Grundsätzlich ist es ja eine wünschenswerte Entwicklung, wenn Menschen sich immer mehr mit ihrer Gesundheit und ihrem Wohlbefinden befassen und diese an Priorität im Leben gewinnt. Digitale Geräte können unsere Gesundheit und vor allem auch die Vorsorge extrem unterstützen. Unter dem Begriff „E-Health“ versteht man die Anwendung von elektronischen Technologien im Gesundheitsbereich, wie Informations- und Kommunikationstechnologien. Gezielte Überwachung und Datenauswertung, aber auch beispielsweise virtuelle Sprechstunden können bei der Vorsorge eine grosse Unterstützung sein. Vertrauen wir jedoch zu stark auf die digitale Welt und können wir nur noch gesund leben, wenn unsere Uhr uns dies sagt oder nur noch entspannen, wenn die gewohnte Meditationsstimme in unserem Ohr ertönt? Verlieren wir damit nicht zwangsläufig das eigene Körpergefühl und geben die Verantwortung für unsere Gesundheit in die Hände eines technischen Gerätes ab?

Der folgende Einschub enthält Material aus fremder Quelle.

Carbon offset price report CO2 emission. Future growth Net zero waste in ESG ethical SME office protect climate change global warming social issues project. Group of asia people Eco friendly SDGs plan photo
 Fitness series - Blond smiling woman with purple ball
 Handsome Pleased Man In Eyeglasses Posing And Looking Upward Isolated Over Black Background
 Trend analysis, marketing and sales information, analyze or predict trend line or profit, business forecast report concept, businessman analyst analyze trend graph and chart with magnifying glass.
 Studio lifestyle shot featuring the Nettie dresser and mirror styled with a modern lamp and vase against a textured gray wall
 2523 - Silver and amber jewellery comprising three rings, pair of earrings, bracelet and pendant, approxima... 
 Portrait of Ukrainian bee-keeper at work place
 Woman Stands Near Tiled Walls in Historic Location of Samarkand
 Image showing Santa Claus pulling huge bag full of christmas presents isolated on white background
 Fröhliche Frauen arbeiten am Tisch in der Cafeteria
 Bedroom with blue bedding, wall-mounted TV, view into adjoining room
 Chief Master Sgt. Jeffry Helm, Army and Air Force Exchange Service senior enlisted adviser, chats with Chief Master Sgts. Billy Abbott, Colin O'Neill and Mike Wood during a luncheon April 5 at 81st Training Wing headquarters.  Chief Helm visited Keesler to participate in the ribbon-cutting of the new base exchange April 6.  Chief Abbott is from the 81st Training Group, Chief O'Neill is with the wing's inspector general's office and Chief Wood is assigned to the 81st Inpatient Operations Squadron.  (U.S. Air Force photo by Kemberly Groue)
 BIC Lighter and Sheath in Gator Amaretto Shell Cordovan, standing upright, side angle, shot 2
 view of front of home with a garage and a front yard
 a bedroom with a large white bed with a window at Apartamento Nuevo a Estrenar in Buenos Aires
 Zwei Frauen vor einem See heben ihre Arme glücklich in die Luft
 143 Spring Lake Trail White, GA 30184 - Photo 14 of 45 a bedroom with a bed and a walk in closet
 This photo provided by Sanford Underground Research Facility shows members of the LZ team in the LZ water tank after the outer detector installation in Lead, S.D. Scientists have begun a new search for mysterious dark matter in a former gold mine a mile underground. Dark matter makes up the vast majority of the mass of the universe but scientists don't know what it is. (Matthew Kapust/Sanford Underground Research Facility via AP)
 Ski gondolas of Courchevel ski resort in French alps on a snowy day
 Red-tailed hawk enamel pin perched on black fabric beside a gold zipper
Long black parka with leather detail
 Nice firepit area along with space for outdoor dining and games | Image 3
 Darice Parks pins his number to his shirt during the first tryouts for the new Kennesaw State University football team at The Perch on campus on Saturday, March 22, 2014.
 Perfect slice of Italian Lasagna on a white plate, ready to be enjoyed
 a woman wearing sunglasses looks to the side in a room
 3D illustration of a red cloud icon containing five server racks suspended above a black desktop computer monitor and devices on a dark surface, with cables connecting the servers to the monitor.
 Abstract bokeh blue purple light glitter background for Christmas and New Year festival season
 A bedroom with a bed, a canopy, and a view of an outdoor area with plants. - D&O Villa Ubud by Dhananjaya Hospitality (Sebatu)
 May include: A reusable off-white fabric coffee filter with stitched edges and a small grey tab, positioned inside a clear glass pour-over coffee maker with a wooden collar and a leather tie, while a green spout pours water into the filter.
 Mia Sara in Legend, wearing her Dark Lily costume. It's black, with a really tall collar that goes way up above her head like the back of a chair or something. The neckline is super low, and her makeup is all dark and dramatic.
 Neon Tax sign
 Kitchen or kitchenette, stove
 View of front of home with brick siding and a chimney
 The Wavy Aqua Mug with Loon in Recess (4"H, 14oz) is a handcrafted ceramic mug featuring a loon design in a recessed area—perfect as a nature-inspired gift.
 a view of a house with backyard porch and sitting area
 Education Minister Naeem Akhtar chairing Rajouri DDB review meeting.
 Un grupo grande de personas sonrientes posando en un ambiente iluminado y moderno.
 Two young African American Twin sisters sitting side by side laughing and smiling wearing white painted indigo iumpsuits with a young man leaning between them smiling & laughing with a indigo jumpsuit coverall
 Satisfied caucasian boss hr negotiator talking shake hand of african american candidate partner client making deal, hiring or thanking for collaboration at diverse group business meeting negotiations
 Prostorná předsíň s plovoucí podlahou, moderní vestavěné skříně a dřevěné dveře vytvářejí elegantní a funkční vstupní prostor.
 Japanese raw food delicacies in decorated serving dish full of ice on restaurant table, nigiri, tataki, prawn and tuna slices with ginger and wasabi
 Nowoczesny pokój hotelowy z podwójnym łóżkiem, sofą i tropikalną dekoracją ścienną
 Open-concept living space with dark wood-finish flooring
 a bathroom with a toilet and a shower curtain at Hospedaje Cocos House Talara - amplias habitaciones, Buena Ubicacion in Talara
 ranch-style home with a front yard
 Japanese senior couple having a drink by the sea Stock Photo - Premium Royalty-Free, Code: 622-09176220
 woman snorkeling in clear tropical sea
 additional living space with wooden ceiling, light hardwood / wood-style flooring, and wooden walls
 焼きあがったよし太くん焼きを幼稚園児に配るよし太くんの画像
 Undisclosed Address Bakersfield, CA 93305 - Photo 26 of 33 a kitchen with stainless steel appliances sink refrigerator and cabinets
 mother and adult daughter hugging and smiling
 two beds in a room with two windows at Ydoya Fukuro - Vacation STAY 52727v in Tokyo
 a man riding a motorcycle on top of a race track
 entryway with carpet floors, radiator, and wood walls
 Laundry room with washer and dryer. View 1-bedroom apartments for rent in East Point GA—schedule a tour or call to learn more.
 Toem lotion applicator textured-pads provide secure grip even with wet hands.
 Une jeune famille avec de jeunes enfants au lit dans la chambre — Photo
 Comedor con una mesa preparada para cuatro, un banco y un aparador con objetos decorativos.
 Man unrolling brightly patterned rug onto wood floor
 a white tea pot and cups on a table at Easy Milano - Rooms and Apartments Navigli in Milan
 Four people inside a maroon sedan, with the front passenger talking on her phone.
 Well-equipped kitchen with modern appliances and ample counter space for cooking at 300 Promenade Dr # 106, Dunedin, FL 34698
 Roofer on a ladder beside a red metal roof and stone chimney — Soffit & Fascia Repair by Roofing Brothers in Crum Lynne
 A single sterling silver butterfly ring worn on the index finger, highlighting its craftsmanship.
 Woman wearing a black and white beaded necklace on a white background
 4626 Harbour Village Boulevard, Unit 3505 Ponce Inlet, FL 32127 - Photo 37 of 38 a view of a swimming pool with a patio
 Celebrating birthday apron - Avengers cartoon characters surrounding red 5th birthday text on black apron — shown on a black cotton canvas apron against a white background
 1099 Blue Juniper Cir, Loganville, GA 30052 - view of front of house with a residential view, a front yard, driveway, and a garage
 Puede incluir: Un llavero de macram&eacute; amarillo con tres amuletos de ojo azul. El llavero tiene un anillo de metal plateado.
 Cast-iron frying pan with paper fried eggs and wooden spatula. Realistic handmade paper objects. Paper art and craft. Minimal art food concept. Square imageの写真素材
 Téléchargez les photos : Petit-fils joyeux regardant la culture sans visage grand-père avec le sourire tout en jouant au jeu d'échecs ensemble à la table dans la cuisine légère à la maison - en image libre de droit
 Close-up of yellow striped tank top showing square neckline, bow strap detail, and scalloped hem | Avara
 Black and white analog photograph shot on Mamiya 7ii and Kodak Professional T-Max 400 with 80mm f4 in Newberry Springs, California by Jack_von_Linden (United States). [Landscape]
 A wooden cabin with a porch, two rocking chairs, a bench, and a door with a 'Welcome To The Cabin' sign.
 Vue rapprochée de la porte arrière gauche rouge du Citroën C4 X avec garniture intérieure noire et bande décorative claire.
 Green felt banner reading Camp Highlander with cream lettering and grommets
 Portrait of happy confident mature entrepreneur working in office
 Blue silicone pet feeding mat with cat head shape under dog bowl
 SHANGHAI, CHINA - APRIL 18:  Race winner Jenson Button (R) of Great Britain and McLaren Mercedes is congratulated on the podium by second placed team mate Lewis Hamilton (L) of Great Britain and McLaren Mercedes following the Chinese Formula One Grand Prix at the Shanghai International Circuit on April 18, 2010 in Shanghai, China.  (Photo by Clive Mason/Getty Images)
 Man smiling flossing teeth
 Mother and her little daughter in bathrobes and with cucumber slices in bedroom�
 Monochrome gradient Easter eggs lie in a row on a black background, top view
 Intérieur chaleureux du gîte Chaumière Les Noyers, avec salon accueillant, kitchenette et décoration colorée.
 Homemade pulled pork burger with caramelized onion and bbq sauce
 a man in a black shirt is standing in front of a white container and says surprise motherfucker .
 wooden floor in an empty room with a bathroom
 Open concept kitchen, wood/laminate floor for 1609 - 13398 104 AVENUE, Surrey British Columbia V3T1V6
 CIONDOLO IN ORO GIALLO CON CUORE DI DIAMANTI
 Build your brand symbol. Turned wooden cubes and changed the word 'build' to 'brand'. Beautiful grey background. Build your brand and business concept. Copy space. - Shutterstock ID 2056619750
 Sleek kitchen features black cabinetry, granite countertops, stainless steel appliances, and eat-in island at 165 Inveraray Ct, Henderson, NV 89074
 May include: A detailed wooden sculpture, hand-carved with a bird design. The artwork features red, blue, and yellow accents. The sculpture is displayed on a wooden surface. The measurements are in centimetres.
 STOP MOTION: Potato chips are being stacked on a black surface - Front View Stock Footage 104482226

Ein anderer Aspekt, der zur kritischen Auseinandersetzung mit diesen Helfern inspirieren kann, ist ein Artikel von spiegel.de. Er berichtet von Studien, die den Anstieg unseres Stresslevels aufzeigen, je mehr wir Mobiltelefone und Apps benutzen. Durch den ständigen Input kommen wir kaum mehr zur Entspannung und neue Benachrichtigungen lassen uns immer wieder einen kleinen aufregenden Hormoncocktail geniessen. Wie steht es aber dann um unser Stresslevel, wenn wir technische Geräte oder Apps für unsere Gesundheit und Entspannung verwenden? Stresst uns dann das Gerät so lange, bis uns dessen Anzeige daran erinnert mal wieder zu entspannen?

Gesundheit ohne digitale Helfer

Ein wunderbarer Beitrag vom Bayrischen Rundfunk hat vor Kurzem einen Landwirt durch seinen Tag begleitet. Er lebt einfach entspannt Tag ein, Tag aus und weiss selbst nicht, dass viele andere Menschen hierzu eine Fitnessuhr oder App benutzen. Ob er bei seinen Kühen ist und diese füttert, mit seiner Familie entspannt zu Mittag isst oder danach einfach mal eine Pause auf seiner Bank macht und einfach Nichts tut, er scheint dafür keine digitalen Helfer zu brauchen, nicht einmal eine bestimmte Zeit. Entspannung. Gesundheit und Wohlbefinden können also Teil des Lebens sein, ohne sich darüber gross Gedanken zu machen, sie zu beobachten oder zu optimieren.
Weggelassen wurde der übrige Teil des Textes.